Immensely popular (even with a lot of critics) Aussie horror flick sees meteorites crashing in the fishing town of Berkeley, and causes zombies to rise and cause havoc and bloody death. Humanity’s last hope includes gun-toting, brooding fisherman Mungo McKay (apparently his real name, poor lad), incessantly foul-mouthed slimy cop Dirk Hunter and his quieter partner, an expectant young couple, and small-town beauty queen (who is really quite skanky if you ask me) Mason, who proves surprisingly resilient.
Vastly overrated, ‘Brain Dead’/’Dead Alive’ wannabe is uneven like that film was, but at least Peter Jackson’s cult classic had great moments, and a butt-kicking priest.
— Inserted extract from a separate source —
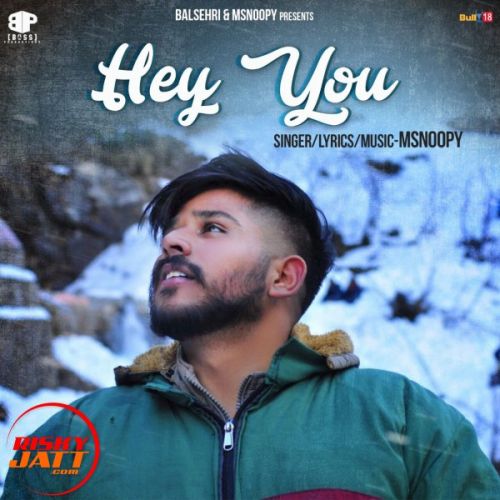 download Hey you Msnoopy mp3 song ringtone, Hey you Msnoopy full album download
This rather dull film just proves yet again that us Aussies stink at making genre pictures, I mean when a film about a giant killer pig stands as one of your finest genre outings (What? You prefer the dull psychic thriller ‘Patrick’?), it really says something, doesn’t it? (Especially when that film was made some twenty odd years ago as well).
This is unfunny (then again so was ‘Shaun of the Dead’, maybe it’s just me), weird (generally, alien zombies are a bad idea, I mean, what’s wrong with our own Undead? Not sure what that huge metal structure was, either), sometimes bordering on incoherent, and full of characters you’d probably like to take a big chunk out of yourself after ten minutes. Agonisingly boring at times. The cheap, cartoony music score by Cliff Bradley doesn’t help, either.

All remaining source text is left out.